Please check these mails, and teach the reason for content of the wrong 
direction.
(http://archives.postgresql.org/pgsql-hackers/2011-06/msg00209.php)
(http://archives.postgresql.org/pgsql-hackers/2011-05/msg01566.php)


--------------------------------------------
Jun Ishizuka
NTT Software Corporation
TEL:045-317-7018
E-Mail: ishizuka.jun@po.ntts.co.jp
--------------------------------------------




Re: Online base backup from the hot-standby

From
Steve Singer
Date:
On 11-06-14 02:52 AM, Jun Ishiduka wrote:
>> I still think that's headed in the wrong direction.
>> (http://archives.postgresql.org/pgsql-hackers/2011-05/msg01405.php)
> Please check these mails, and teach the reason for content of the wrong 
> direction.
> (http://archives.postgresql.org/pgsql-hackers/2011-06/msg00209.php)
> (http://archives.postgresql.org/pgsql-hackers/2011-05/msg01566.php)
>
>

Jun, I've been reviewing these threads as a start to reviewing your
patch (I haven't yet looked at the patch).
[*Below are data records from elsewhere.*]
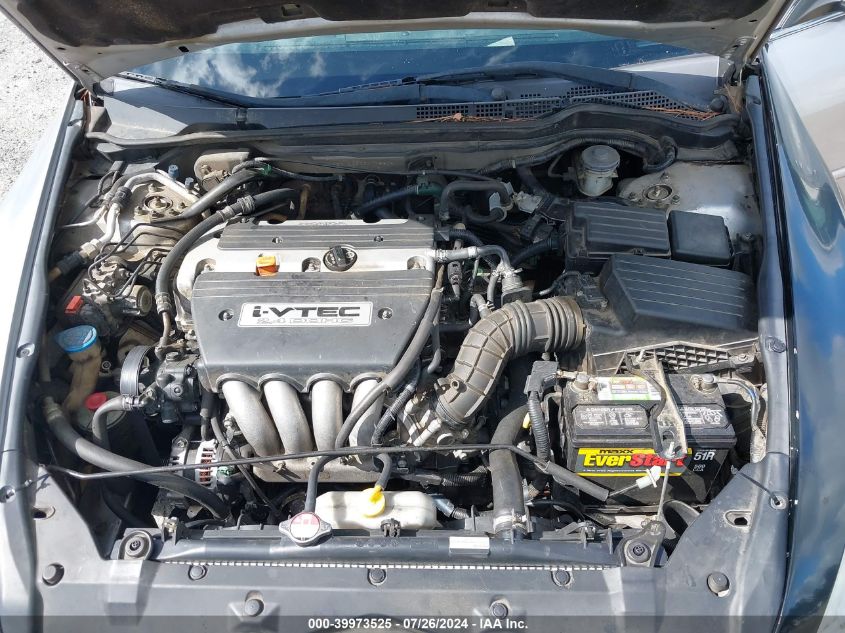 2006 Honda Accord 2.4 Se VIN: 1HGCM56366A116209 Lot: 39973525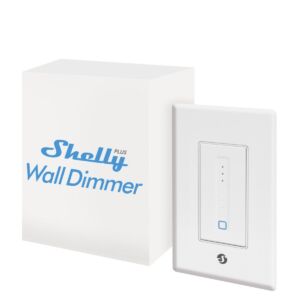 Shelly Plus Wall Dimmer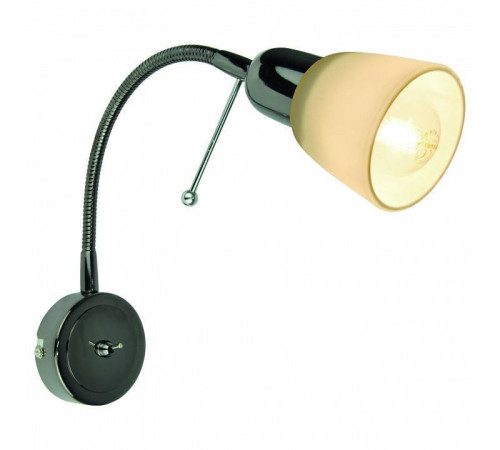 Бра Arte Lamp Lettura A7009AP-1BC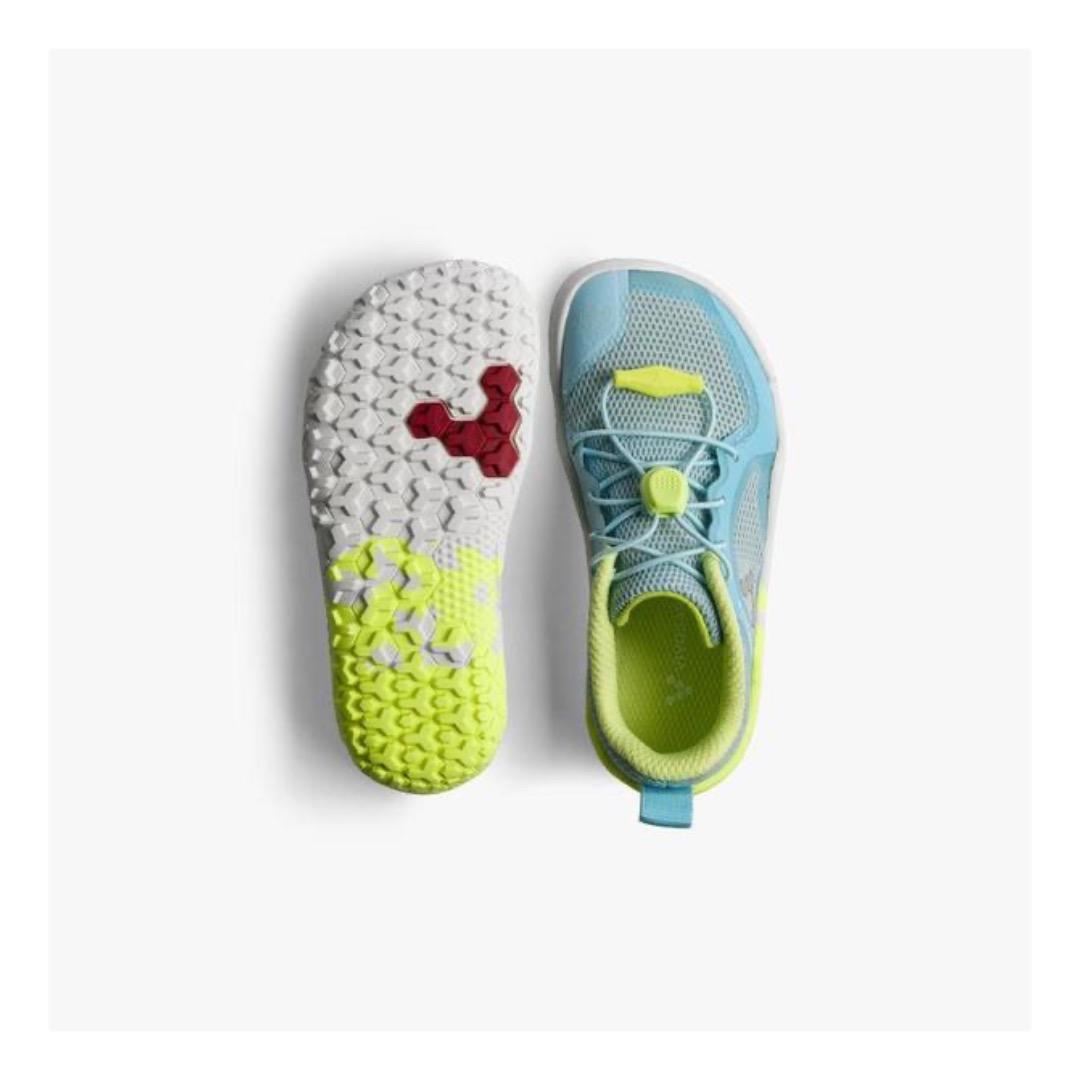 Vivobarefoot Primus Trail II FG Junior Beach Glass – kuva 6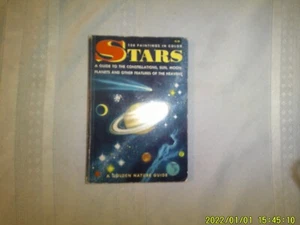 SOFTBACK BOOK NA GOLDEN NATURE GUIDE STARS - Foto 1 di 3
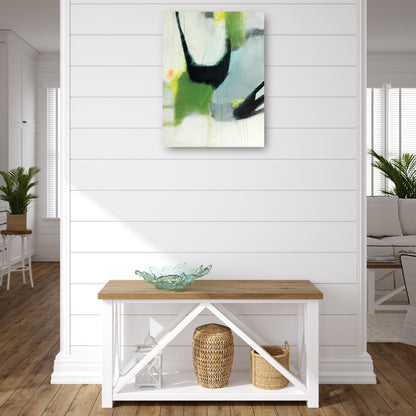 En el borde - Sidsel Brix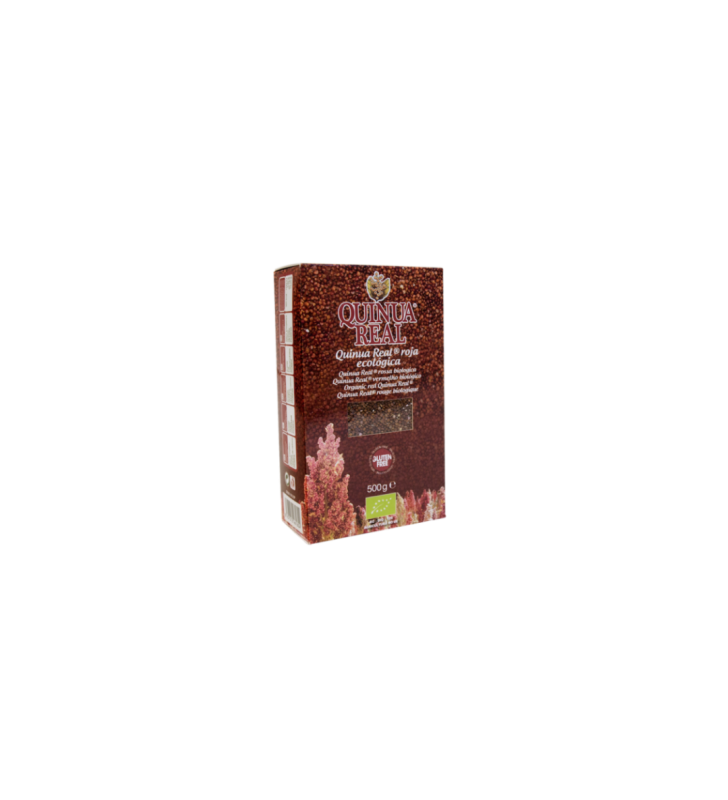 Quinoa real roja 500g
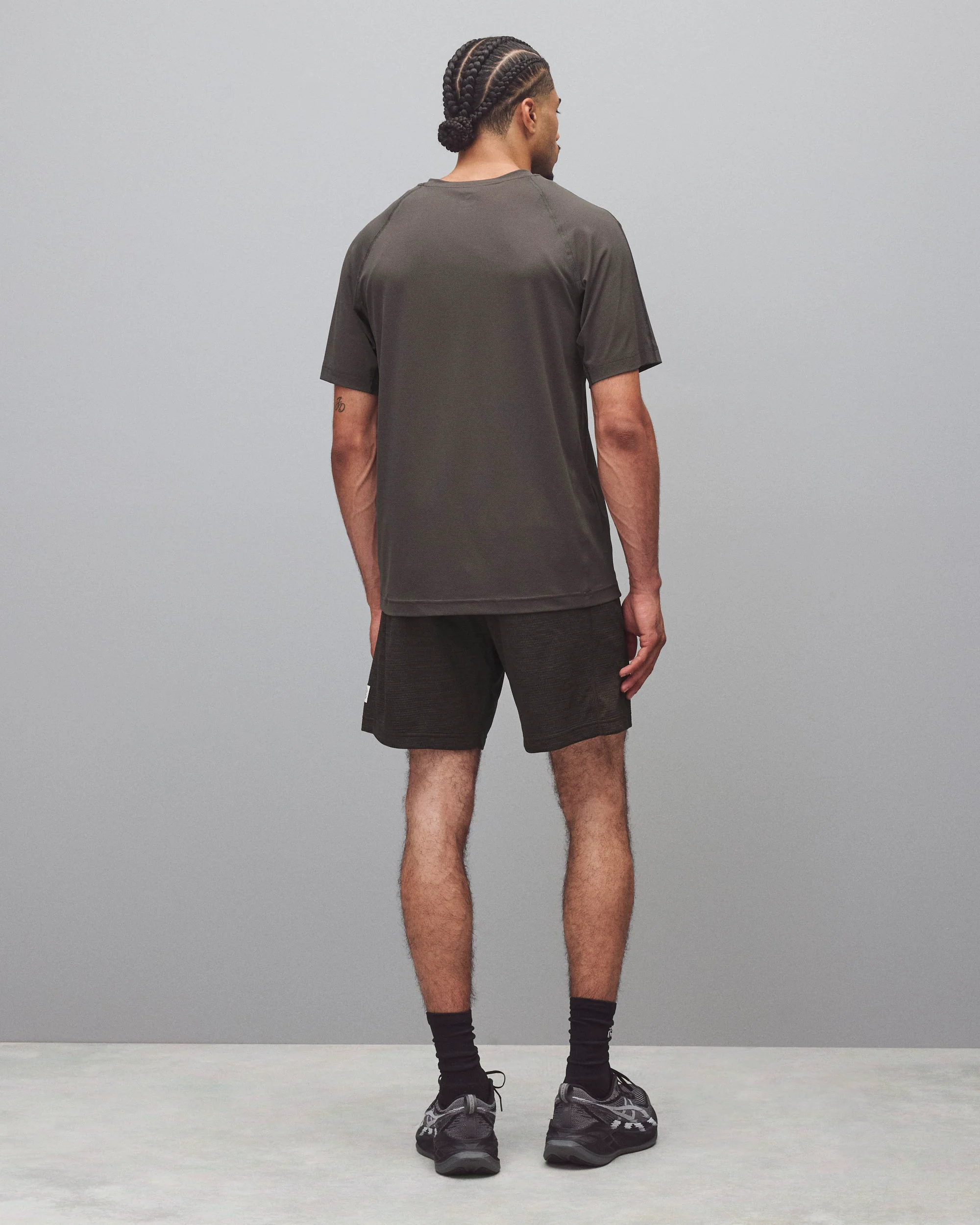 Solotex Mesh Tiebreak Standard Short 7" - Image 5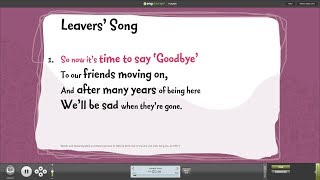 School Top Leavers Songs Compilation [upl. by Siroled382]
I *think* the concern is that

1) Today you can do a backup by just calling pg_start_backup('x'); copy
the data directory and
pg_stop_backup(); You do not need to use pg_basebackup to create a
backup. The solution you are proposing would require pg_basebackup to be
used to build backups from standby servers.

2) If I run pg_basebackup but do not specify '-x' then no pg_xlog
segments are included in the output. The relevant pg_xlog segments are
in the archive from the master. I can see situations where you are
already copying the archive to the remote site that the new standby will
be created in so you don't want to have to copy the pg_xlog segments
twice over your network.

What Heikki is proposing will work both when you aren't using
pg_basebackup (as long the output of pg_stop_backup() is somehow
captured in a way that it can be read) and will also work with
pg_basebackup when '-x' isn't specified.

Steve


> --------------------------------------------
> Jun Ishizuka
> NTT Software Corporation
> TEL:045-317-7018
> E-Mail: ishizuka.jun@po.ntts.co.jp
> --------------------------------------------
>
>
>



Re: Online base backup from the hot-standby

From
Jun Ishiduka
Date:
> 1) Today you can do a backup by just calling pg_start_backup('x'); copy
> the data directory and
> pg_stop_backup(); You do not need to use pg_basebackup to create a
> backup. The solution you are proposing would require pg_basebackup to be
> used to build backups from standby servers.

YES.


> 2) If I run pg_basebackup but do not specify '-x' then no pg_xlog
> segments are included in the output. The relevant pg_xlog segments are
> in the archive from the master. I can see situations where you are
> already copying the archive to the remote site that the new standby will
> be created in so you don't want to have to copy the pg_xlog segments
> twice over your network.

No, I don't matter because of the same behavior as 9.1.
Please see the part of "Before:" of the following answer.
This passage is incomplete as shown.